Un film choral de plus? C'est un fait, pourtant grâce à des personnages passionnants, complexes et touchants, interprétés de plus avec émotion et justesse par un casting royal, en passant de Dussolier à Viard, jusqu'à Cluzet, le film mérite de ce fait déjà largement le coup d'oeil tant le spectateur sera ému par ceux-ci en suivant leur mésaventures sentimentales. Car c'est d’amour dont il s'agit dans ce film ou plutôt de désir, et si le scénario n'innove guère dans le genre, le désir, le sexe, l'envie et l'amour y sont traités avec finesse. La vérité ou presque s'apparente ainsi à une oeuvre qui se situe dans la lignée de tous ces films chorals de qualité que le cinéma français propose en ce moment. A voir.

Film tellement français qu'on ne l'imagine pas tiré d'un auteur américain ; ou alors l'adaptation a été particulièrement réussie. Plus que sur le fond (scénario un peu tarabiscoté) c'est la forme qui a retenu mon attention : choix judicieux des interprètes, image soignée, musique intéressante qu'on jurerait d'époque, délicatesse des sentiments et retenue dans le discours, intensité des émotions toujours sans aucune violence. Un film apparenté au vaudeville traditionnel avec la touche moderniste homosexuelle.

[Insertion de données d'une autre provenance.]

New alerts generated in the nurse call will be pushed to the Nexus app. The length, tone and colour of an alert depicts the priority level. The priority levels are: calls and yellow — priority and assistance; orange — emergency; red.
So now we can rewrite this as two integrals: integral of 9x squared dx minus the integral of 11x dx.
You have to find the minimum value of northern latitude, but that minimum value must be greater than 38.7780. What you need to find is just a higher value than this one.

Pourquoi les histoires sentimentales sont elles si compliquées dans les films français?! Je n'ai pas du tout aimé ce film, mais à en juger par les critiques, je pense que les avis sont partagés donc je vous conseillerais néanmoins d'aller jeter un oeuil, par curiosité. Si vous agonisez au bout d'une demi heure, si seul andré Dussolier vous fait sourire tant il semble avoir du mal à remonter le niveau des autres acteurs -monstrueusement vide- et du scénario abracadabrantesque...dans ce cas faites comme moi, sortez et oubliez toute cette histoire très vite!

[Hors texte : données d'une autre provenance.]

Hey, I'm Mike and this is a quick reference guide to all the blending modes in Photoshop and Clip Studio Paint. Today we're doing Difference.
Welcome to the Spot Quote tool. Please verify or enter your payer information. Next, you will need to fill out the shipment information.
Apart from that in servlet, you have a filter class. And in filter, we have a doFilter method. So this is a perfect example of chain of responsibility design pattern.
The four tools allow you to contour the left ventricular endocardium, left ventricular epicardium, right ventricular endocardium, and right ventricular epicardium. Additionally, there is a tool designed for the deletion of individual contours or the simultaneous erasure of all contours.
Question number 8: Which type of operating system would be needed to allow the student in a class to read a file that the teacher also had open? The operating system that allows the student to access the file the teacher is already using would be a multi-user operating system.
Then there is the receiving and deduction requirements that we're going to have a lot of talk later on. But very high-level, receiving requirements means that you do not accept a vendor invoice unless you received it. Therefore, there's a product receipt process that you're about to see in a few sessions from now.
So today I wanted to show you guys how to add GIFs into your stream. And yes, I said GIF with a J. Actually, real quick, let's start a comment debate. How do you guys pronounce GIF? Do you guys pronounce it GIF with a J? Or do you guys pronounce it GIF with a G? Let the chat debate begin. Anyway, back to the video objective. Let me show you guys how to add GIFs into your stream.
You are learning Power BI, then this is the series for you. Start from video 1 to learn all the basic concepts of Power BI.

Ce film est insupportable! Acteurs de talent dans une histoire qui intéresse les seuls français. Toujours les mêmes histoires de bourgeoisie fainéante qui se pavanne et cherche le frisson dans l'infidélité. N'en jetez plus , le cinéma français se caricature. Un conseil passez votre chemin!

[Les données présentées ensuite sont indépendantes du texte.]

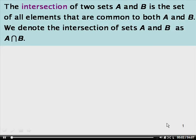The intersection of two sets A and B is the set of all elements that are common to both A and B. We denote the intersection of sets A and B as A intersect B with this symbol. Notice the intersection symbol looks kind of like an A without a cross through the middle. When we're talking about intersections, we often use the word AND. It's easy to remember the intersection symbol if you think about AND and the symbol that looks kind of like an A.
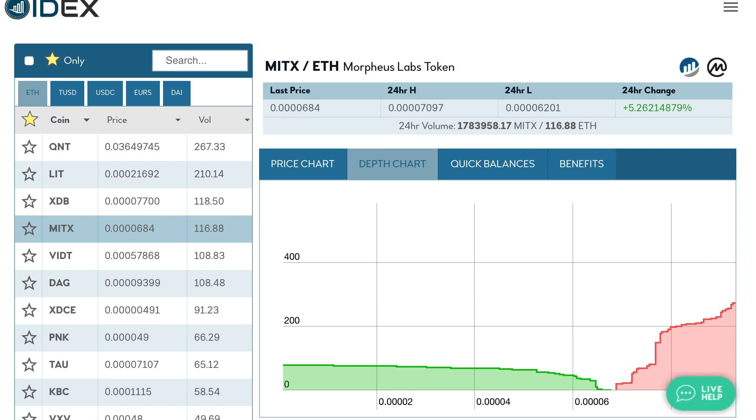So internally they cannot maintain a ledger that says okay, among all the tokens we have then this much belongs to this address. To solve this problem we use this delegated transfer pattern.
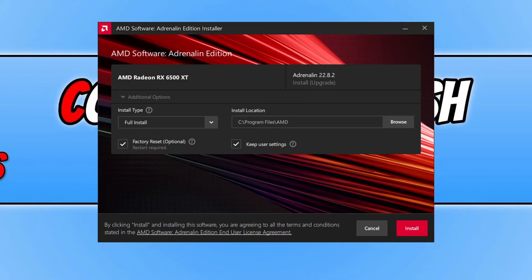So if you want to change those options go ahead and do that now. And then once you're finished go ahead and click on Install if you agree to the terms and conditions.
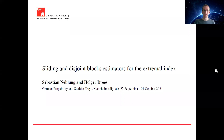Hi and welcome to my talk here at DigitalGPSD. I want to talk about sliding and disjoint block estimators for the extremal index today, and I have to mention this is joint work with my PhD supervisor Holger Drees.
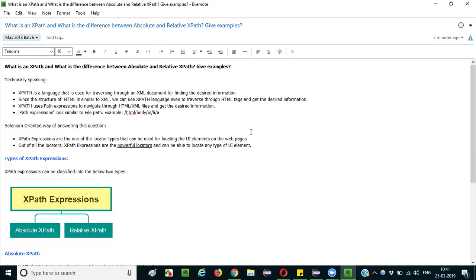Coming to other locators, there is a possibility that ID may not be there, name may not be there, class name may not be there, link text or partial link text may not be there. CSS selectors are also powerful in some cases, but they cannot traverse upwards — they can only traverse downwards. XPath expressions can traverse both upwards and downwards, making them more powerful than CSS selectors and able to locate any type of element.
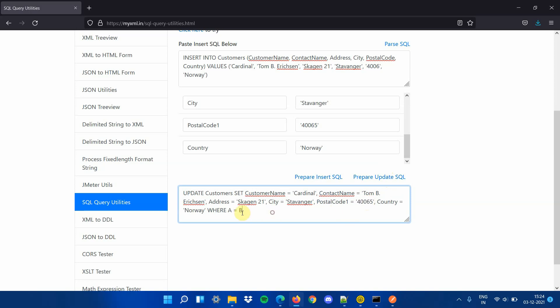You should use an appropriate where clause in the update statement. A dummy where clause A equals B is given as a placeholder which is not valid.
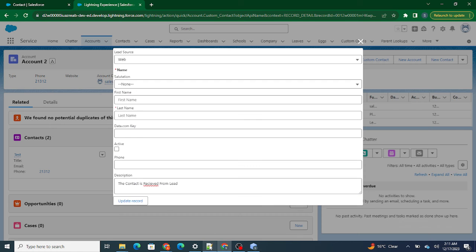In the next video we will make the UI much more better, which will help us make this lightning record form look more like a standard UI — that's what we are going to do in the next few upcoming videos. If you found this video helpful, please please please do subscribe to this channel.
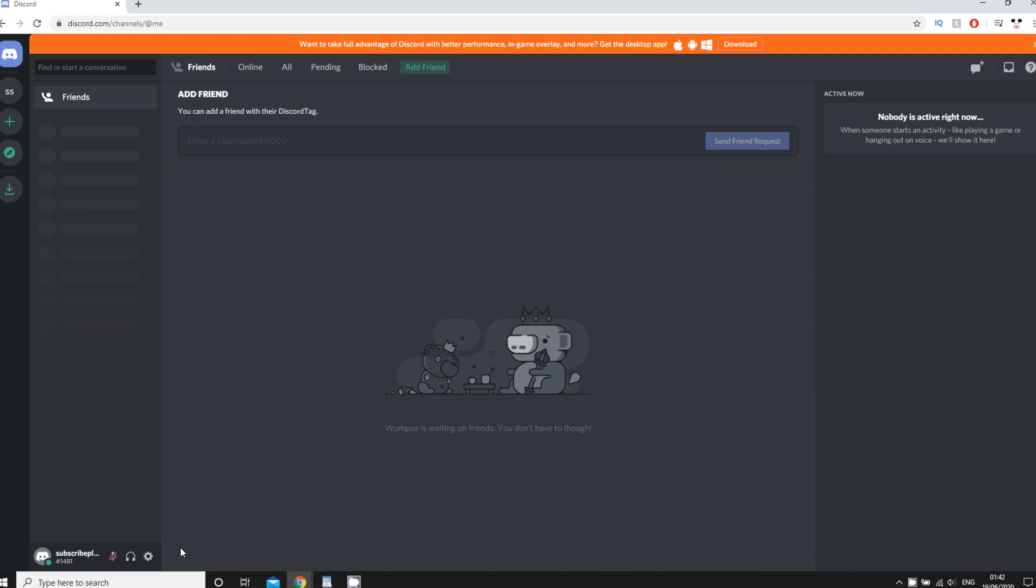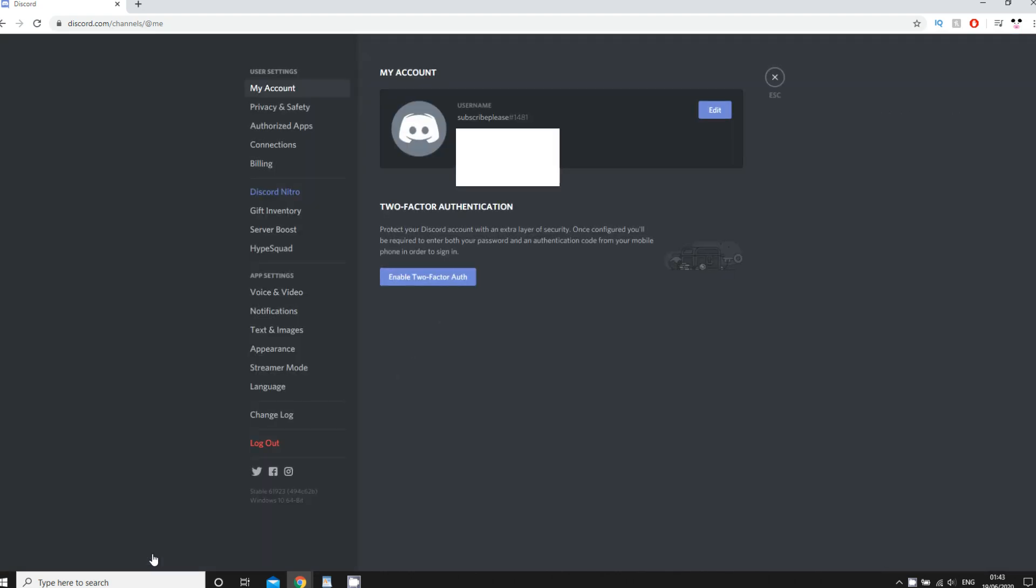First, on the computer, look to the bottom left side of the screen where it says user settings with a cog next to your name. Click on that. Then look towards the bottom left corner of the page where you see log out and click on that.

Le scénario est riche en potentialités : un microcosme de province, réunissant quelques personnages aisés, amis ou presque, avec pas mal de secrets plus ou moins cachés : une ambiance à la Chabrol, en quelque sorte. Arrive dans ce cercle fermé (ou presque), quelqu’un qui devine tout, parce que très fin, mais qui ne dira rien (ou presque) parce qu’il est élégant avec les êtres en souffrance : bien sûr il est homosexuel : tous les homos sont fins et élégants, ou presque. S’ajoute à ce regard extérieur qui risque de fissurer l’équilibre fragile, une légende planante : une chanteuse de jazz morte ou presque, ayant sombré dans l’oubli après une blessure d’amour. Cette chanteuse sert de révélateur aux autres personnages, car elle est finalement la seule (ou presque) à avoir vécu sa passion. D’une étude de moeurs presque banale, on passe alors à un mélange des genres, que n’aurait pas renié Almodovar. Mais toutes ces possibilités restent à l’état larvaire. Rien dans la mise en scène ne tire le film vers la passion et le mystère, on reste dans le registre de la comédie française pseudo-intelligente et au final très superficielle. Tout paraît alors prétexte à placer des répliques savoureuses mais un peu vaines. Les “presque” sont théoriques, et là où l’on devrait sentir la multitude des hypothèses, réjouissante et passionnante, on ne voit qu’une succession d’impasses, des embryons d’histoires à peine développées. Les acteurs ne sont pas en cause dans ce petit gâchis, ils sont bien sûr parfaits, avec une mention particulière à Brigitte Catillon, en prêtresse de la vérité... ou presque.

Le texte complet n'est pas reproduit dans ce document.